Martin Velasco è entrato nel profondo “mistero” della risurrezione – fenomeno che aveva interessato tutta la sua immensa produzione teologica – il 5 aprile all’età di 86 anni.
Era nato a Santa Cruz del Valle, quattro case nella provincia di Avila, sacerdote dal 1956, incardinato nella diocesi di Madrid.
Fu professore nel seminario, direttore dell’Istituto superiore di pastorale, rettore del seminario conciliare di Madrid, docente nell’università ecclesiastica San Damaso, autore di più di 58 opere tradotte in più di 14 lingue, una moltitudine di articoli e di saggi sulla mistica e il mistero di Dio. Era un mistico che incantava.
Mi recavo da lui, nella zona “rossa” di Vallecas, nella periferia di Madrid, quando seguivo le vicende della Chiesa spagnola negli anni ’80. Era veramente un mistico. Veniva infatti dalla terra di santa Teresa e di san Giovanni della Croce, le cui opere aveva intensamente studiato. Amava la semplicità, godeva dell’amicizia, parlava con sincerità, ascoltava con rispetto.
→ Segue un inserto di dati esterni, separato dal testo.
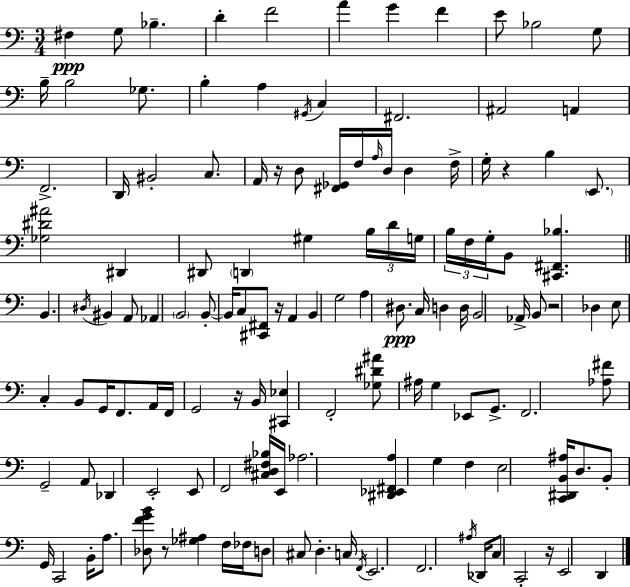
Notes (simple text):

F#3/q G3/e Bb3/q. D4/q F4/h A4/q G4/q F4/q E4/e Bb3/h G3/e B3/s B3/h Gb3/e. B3/q A3/q G#2/s C3/q F#2/h. A#2/h A2/q F2/h. D2/s BIS2/h C3/e. A2/s R/s D3/e [F#2,Gb2]/s F3/s A3/s D3/s D3/q F3/s G3/s R/q B3/q E2/e. [Gb3,D#4,A#4]/h D#2/q D#2/e D2/q G#3/q B3/s D4/s G3/s B3/s F3/s G3/s B2/e [C#2,F#2,Bb3]/q. B2/q. D#3/s BIS2/q A2/e Ab2/q B2/h B2/e B2/s C3/e [C#2,F#2]/e R/s A2/q B2/q G3/h A3/q D#3/e. C3/s D3/q D3/s B2/h Ab2/s B2/e R/h Db3/q E3/e C3/q B2/e G2/s F2/e. A2/s F2/s G2/h R/s B2/s [C#2,Eb3]/q F2/h [Gb3,D#4,A#4]/e A#3/s G3/q Eb2/e G2/e. F2/h. [Ab3,F#4]/e G2/h A2/e Db2/q E2/h E2/e F2/h [C#3,D3,F#3,Bb3]/s E2/s Ab3/h. [D#2,Eb2,F#2,A3]/q G3/q F3/q E3/h [C2,D#2,B2,A#3]/s D3/e. B2/e G2/s C2/h B2/s A3/e. [Db3,F4,G4,B4]/e R/e [Gb3,A#3]/q F3/s FES3/s D3/e C#3/e D3/q. C3/s F2/s E2/h. F2/h. A#3/s Db2/s C3/e C2/h R/s E2/h D2/q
Dovette subire l’umiliazione di essere destituito da rettore del seminario, ma non aveva risentimenti nei confronti dell’arcivescovo di Madrid, Suquia, che non era certo dello stampo del mitico card. Tarancon.
Senza aria di superiorità, mi parlava dei suoi libri, tanti, soprattutto del rapporto tra filosofia e fenomenologia, il cui studio già dagli anni ’70 lo aveva imposto all’attenzione di dogmatici, filosofi, pastoralisti.
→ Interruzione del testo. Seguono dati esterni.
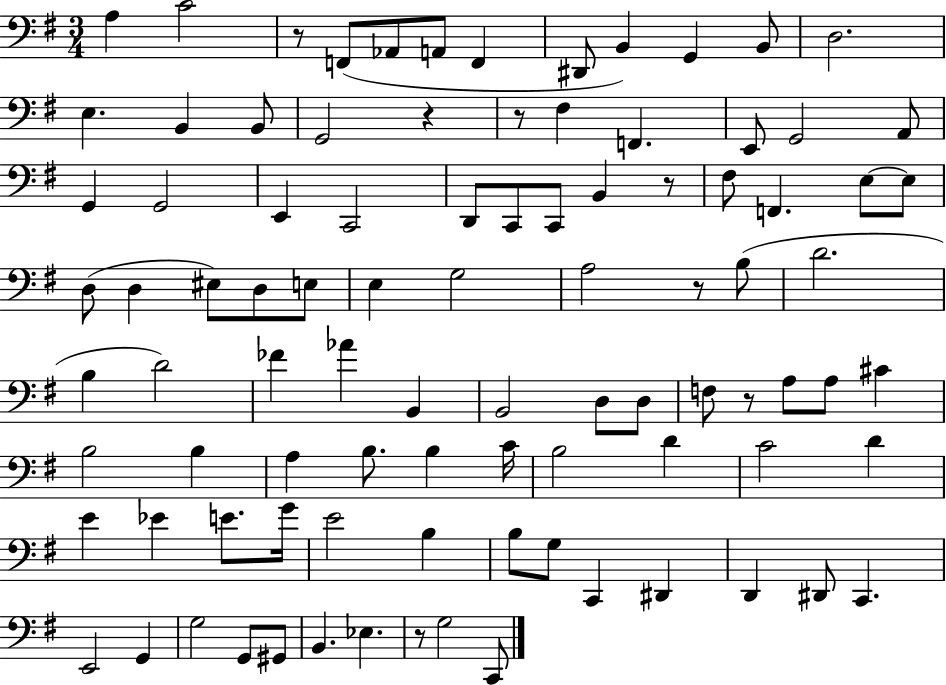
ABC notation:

X:1
T:Untitled
M:3/4
L:1/4
K:G
A, C2 z/2 F,,/2 _A,,/2 A,,/2 F,, ^D,,/2 B,, G,, B,,/2 D,2 E, B,, B,,/2 G,,2 z z/2 ^F, F,, E,,/2 G,,2 A,,/2 G,, G,,2 E,, C,,2 D,,/2 C,,/2 C,,/2 B,, z/2 ^F,/2 F,, E,/2 E,/2 D,/2 D, ^E,/2 D,/2 E,/2 E, G,2 A,2 z/2 B,/2 D2 B, D2 _F _A B,, B,,2 D,/2 D,/2 F,/2 z/2 A,/2 A,/2 ^C B,2 B, A, B,/2 B, C/4 B,2 D C2 D E _E E/2 G/4 E2 B, B,/2 G,/2 C,, ^D,, D,, ^D,,/2 C,, E,,2 G,, G,2 G,,/2 ^G,,/2 B,, _E, z/2 G,2 C,,/2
Si concentrò sulla vita cristiana del suo Paese e del mondo, approfondendo la metamorfosi del sacro e le sue implicanze; non si stancò di scrivere sull’esperienza cristiana di Dio, accentuando l’importanza del fenomeno mistico.
Scrisse sul rapporto tra l’uomo e la religione all’inizio del terzo millennio, proseguendo con un interrogativo che lo appassionava: che significa essere cristiano in una cultura post-moderna e qual è il rapporto tra la mistica e l’umanesimo?
Era un uomo pio, nel senso che la “pietas” lo penetrava e gli dettava il comportamento. Dalla “pietas” gli venivano la saggezza, l’arte del comunicare nell’insegnamento, la bontà senza finzione, la fede solida anche nelle avversità e negli attacchi mossigli dall’intransigenza clericale.
Con il suo modo di pensare, il vivere nel mezzo dell’emarginazione sociale, la sollecitudine pastorale come collaboratore nella parrocchia di San Paolo a Madrid, Velasco fu guida di generazioni e – come l’ha definito il teologo Fernando Vidal – fu «architetto di una Chiesa più povera, colta e compassionevole, di cui abbiamo bisogno ogni giorno di più».